Comparing Ifrs to Gaap
Autor: Kathy Butcher • March 15, 2015 • Essay • 458 Words (2 Pages) • 2,261 Views
Comparing IFRS to GAAP
ACC/291
03/02/15
In working within the accounting domain, you will need to evaluate not only GAAP (Generally Accepted Accounting Principles) but additionally you will need to understand the IFRS (International Financial Reporting Standards). There are multiple differences between GAAP and IFRS. In concerns of this paper, we will look at the differences related to contingent liabilities, depreciation, fair value measurements, plant assets, and the similarities and differences related to accounting and liabilities.
Fair value measurements have remained a subject of conversation for IFRS and the FASB (Financial Accounting Standards Board). Whit all of the discussions they have decided upon two steps. The first one is to make note of the fair value information and secondly have the choice of reporting it in the financial statements. Component depreciation specifies that any significant parts of a depreciable asset that have different estimated useful lives should be separately depreciated. (Kimmel, Weygandt & Kieso,) This kind of depreciation is mandatory under IFRS when any part of the items being depreciated have different useful lives.

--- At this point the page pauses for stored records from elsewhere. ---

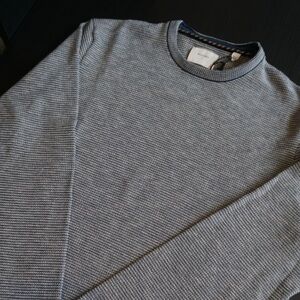 NWT! Billy Reid Blue Stripe Sweater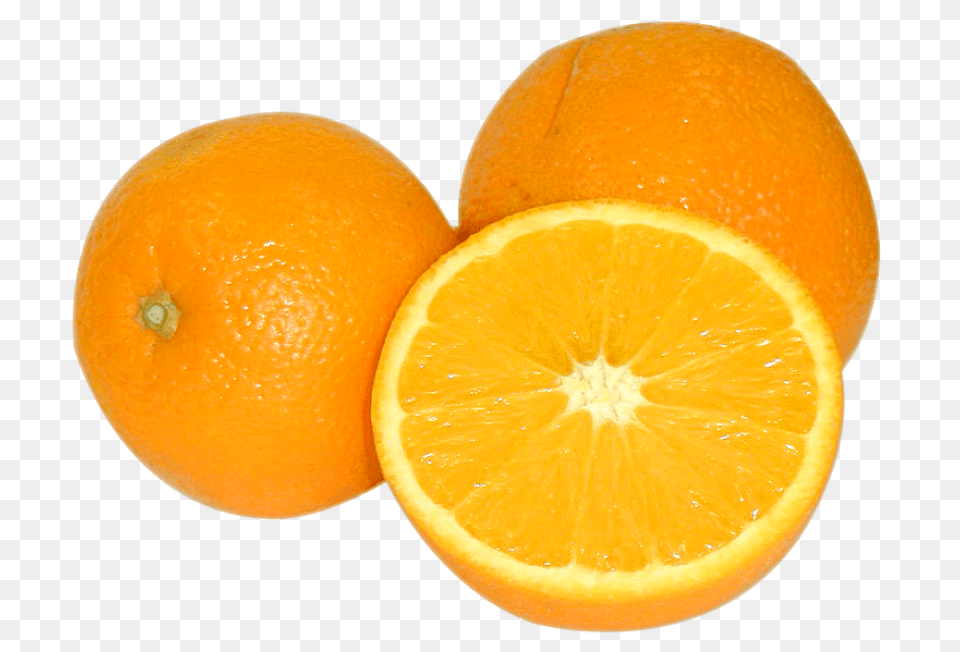 Orange And Half Of Orange, Citrus Fruit, Food, Fruit, Plant Free Transparent Png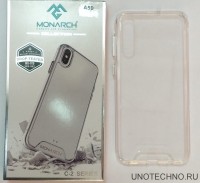 Силиконовая накладка для Samsung Galaxy A20 (Прозрачная) Monarch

With IFRS, you have the ability to revaluate the plant assets to reveal its fair value. If an organization decides to use this method, it must use this for all of its assets that are in the same category. Relative to research and development, "development costs are expensed in the research phase. However, if using IFRS cost incurred during the development phase are capitalized once technology as development costs once product feasibility is achieved." (Kimmel, Weygandt & Kieso) An example of this could be that an organization sustains costs of $300,000 however $75,000 of that is used within the development phase it is removed from the development expenses and would be catalogued as development costs.